Provided material START

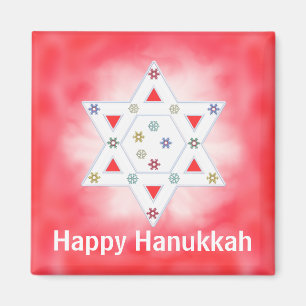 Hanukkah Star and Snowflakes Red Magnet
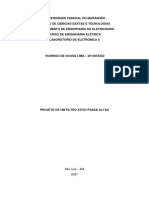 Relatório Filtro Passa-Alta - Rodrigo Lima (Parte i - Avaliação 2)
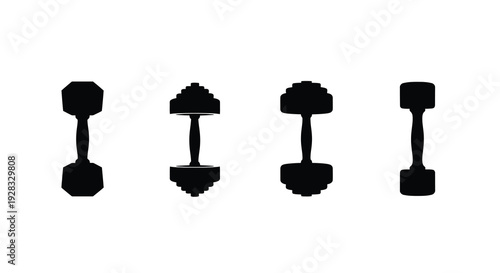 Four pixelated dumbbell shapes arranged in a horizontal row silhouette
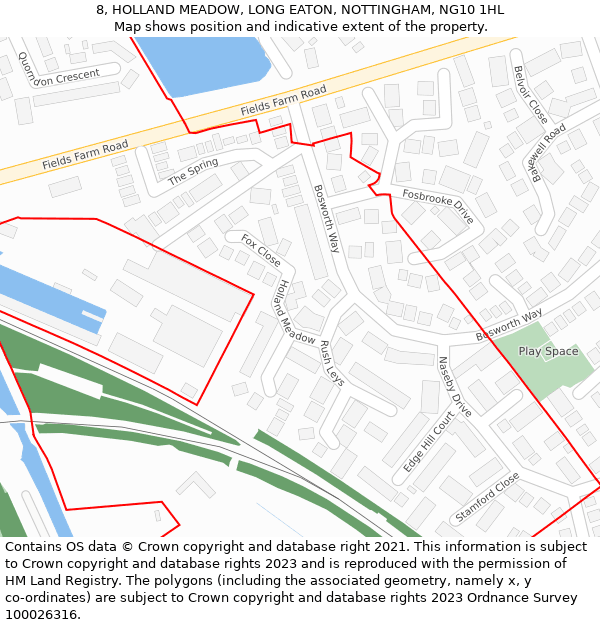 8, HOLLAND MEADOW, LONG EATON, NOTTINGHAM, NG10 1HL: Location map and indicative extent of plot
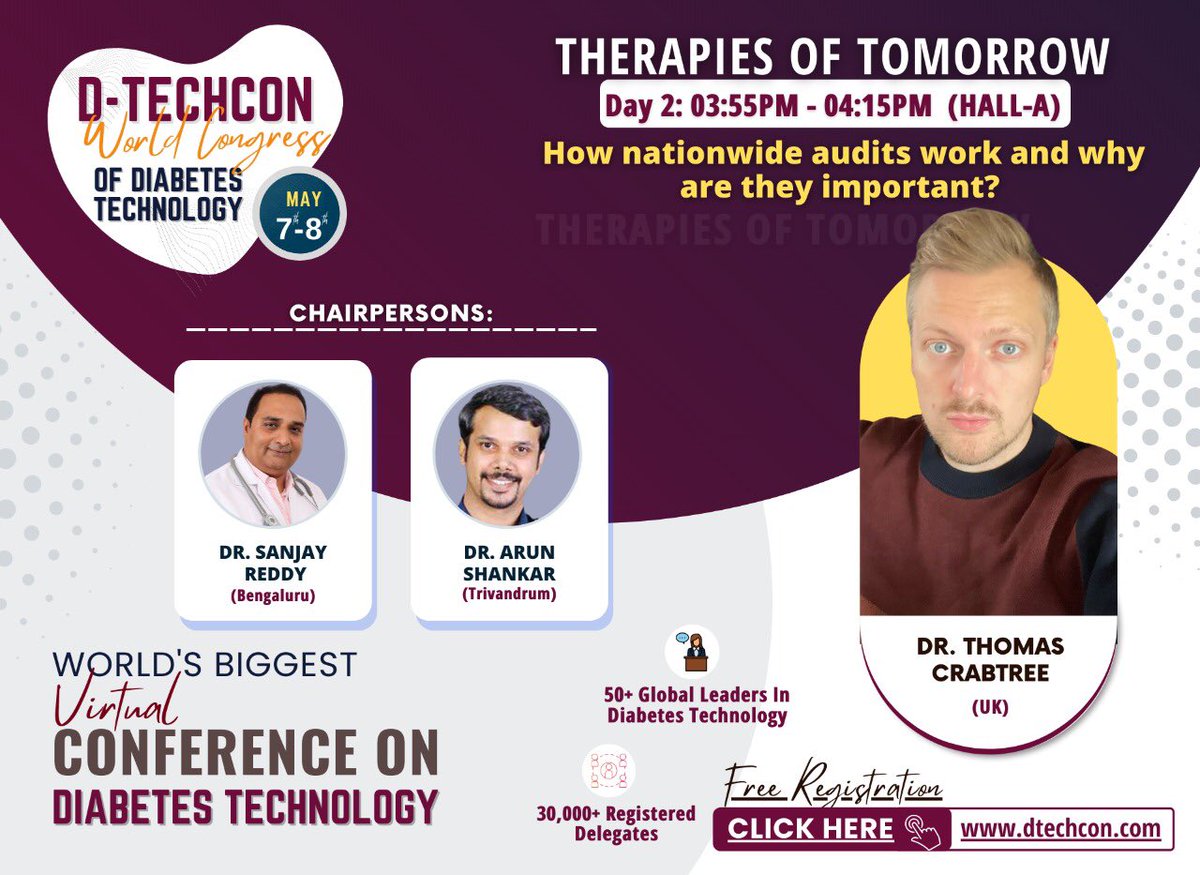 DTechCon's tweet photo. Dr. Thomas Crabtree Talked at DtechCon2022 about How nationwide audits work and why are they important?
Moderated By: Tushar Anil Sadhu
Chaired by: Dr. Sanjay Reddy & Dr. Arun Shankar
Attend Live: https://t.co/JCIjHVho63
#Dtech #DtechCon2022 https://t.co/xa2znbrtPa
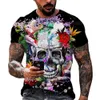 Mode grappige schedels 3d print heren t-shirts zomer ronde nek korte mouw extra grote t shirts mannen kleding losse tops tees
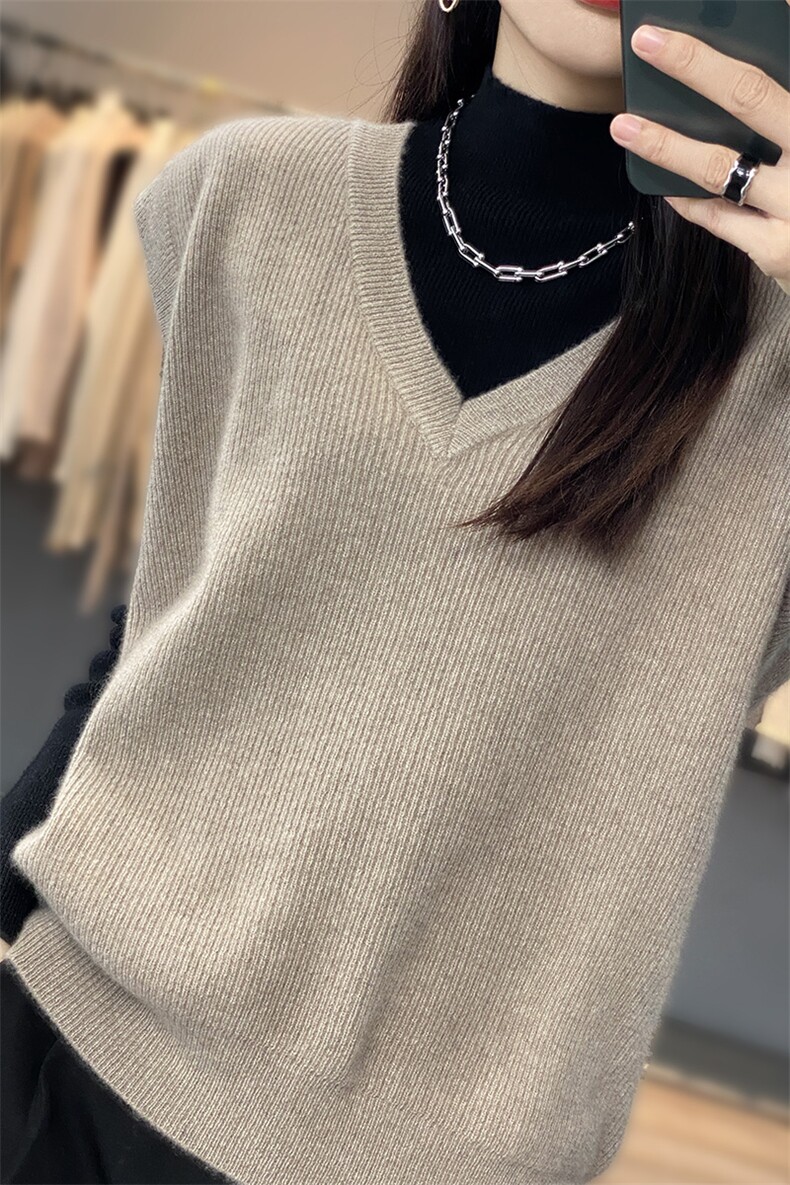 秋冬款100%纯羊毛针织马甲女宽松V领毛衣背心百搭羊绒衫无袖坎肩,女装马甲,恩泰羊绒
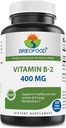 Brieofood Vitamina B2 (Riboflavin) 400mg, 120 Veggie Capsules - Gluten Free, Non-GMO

Provided material END

Instructions for the task ▸ Please write out the lines above exactly, from the one that contains "Mode grappige schedels" through the final line, and include none of the pictures.

Solution for this exercise ▸
 Mode grappige schedels 3d print heren t-shirts zomer ronde nek korte mouw extra grote t shirts mannen kleding losse tops tees
 秋冬款100%纯羊毛针织马甲女宽松V领毛衣背心百搭羊绒衫无袖坎肩,女装马甲,恩泰羊绒
 Brieofood Vitamina B2 (Riboflavin) 400mg, 120 Veggie Capsules - Gluten Free, Non-GMO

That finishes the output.